Native of China; introduced to England in 1763, and said to have first been cultivated at Croome, in Worcestershire. It is quite hardy and very handsome, flowering in July and August. When seen at its best the tree is a mass of deep yellow flowers, and these are succeeded by the striking bladder-like fruits. It loves the sun, and I have never seen it quite so fine in this country as it is in central France. Its handsome leaves turn bright yellow in autumn. It likes a good loamy soil. The seeds afford the best means of propagation, and are sometimes set in this country. Failing them, root-cuttings may be used. The tree is probably not long-lived, and is rather subject to the attacks of coral-spot fungus.
There are several specimens at Kew, none of great age, 30 to 40 ft in height and 13⁄4 to 4 ft in girth. An example near the Pinetum, planted 1934, measures 40 × 23⁄4 ft.
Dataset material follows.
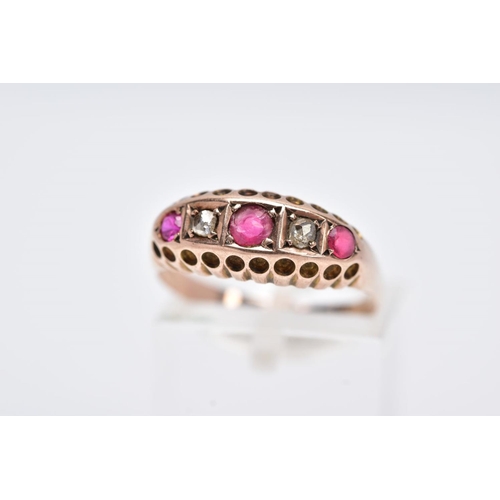 114 - A 9CT GOLD RUBY AND DIAMOND BOAT RING, designed with a row of circular cut rubies interspaced with r...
Others recorded are: Syon House, London, 45 × 3 ft (1967); Oxford Botanic Garden, 49 × 31⁄2 ft (1970); Hergest Croft, Heref., 40 × 31⁄2 ft (1961); Victoria Gardens, Bath, 30 × 5 ft (1962).
specimens: Kew, pl. 1914, 46 × 31⁄4 ft (1981), pl. 1934, 46 × 31⁄2 ft (1976), pl. 1932, 40 × 31⁄4 ft (1980); Chelsea Physic Garden, London, 36 × 8 ft (1984); Syon Park, London, 52 × 41⁄2 ft (1982); Battersea Park, London, 38 × 41⁄4 ft (1983); Savill Garden, Windsor Great Park, 30 × 23⁄4 ft (1976); Burford House, Surrey, 52 × 51⁄2 + 5 ft (1978); Battle Abbey, Hastings, Sussex, 33 × 43⁄4 ft (1978); Alexandra Park, Hastings, 50 × 41⁄2 ft (1980); Joyce Green Memorial Hospital, Dartford, Kent, 42 × 41⁄4 ft (1979); Oxford Botanic Garden, 46 × 33⁄4 ft (1981); University Botanic Garden, Cambridge, 33 × 3 ft (1982); Hergest Croft, Heref., 46 × 33⁄4 ft at 3 ft (1969).
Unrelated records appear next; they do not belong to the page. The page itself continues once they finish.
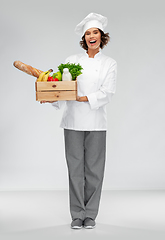 Image showing happy smiling female chef with food in wooden box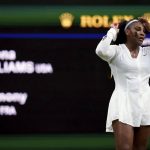 
              Serena Williams of the US reacts as she plays France's Harmony Tan in a first round women’s singles match on day two of the Wimbledon tennis championships in London, Tuesday, June 28, 2022. (John Walton/PA via AP)
            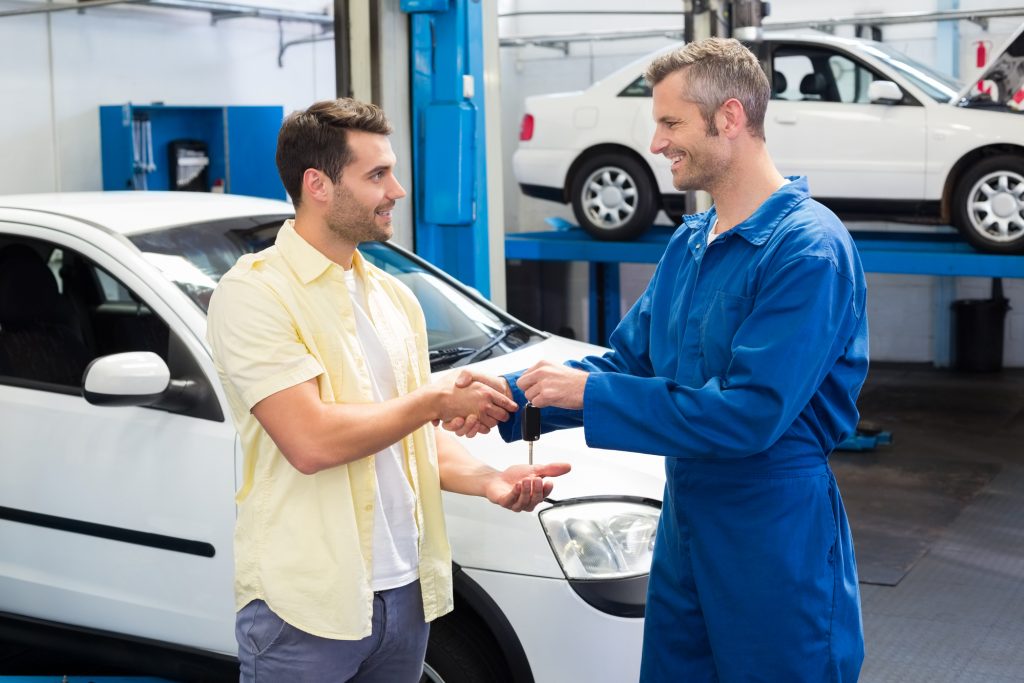 Happy-customer-service-advisor-technician-mechanic-shop-Depositphotos_65540881_L-1024x683.jpg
[var. apiculata]. – This variety is not recognised by Meyer, its supposedly distinctive characters being part of the normal variation of the species. Older trees under this name derive from Wilson 3364, collected for Messrs Veitch in 1904. The tree at Kew planted in 1914 is one of the originals from this sending.
K. bipinnata – A synonym to be added is K. integrifolia Merrill. Seeds of K. bipinnata have been received from China under this name.
† K. elegans (Seem.) A. C. Smith – This species, in its typical state, is confined to the two main islands of Fiji, but the following subspecies occurs in east Asia:
subsp. formosana (Hayata) F.G. Meyer K. formosana Hayata; K. henryi Dummer. – An endemic of Formosa at low altitudes, allied to K. bipinnata. It was introduced to Kew in 1976 by means of seeds received from the Taiwan Forestry Institute, but is unlikely to be of any value for British gardens.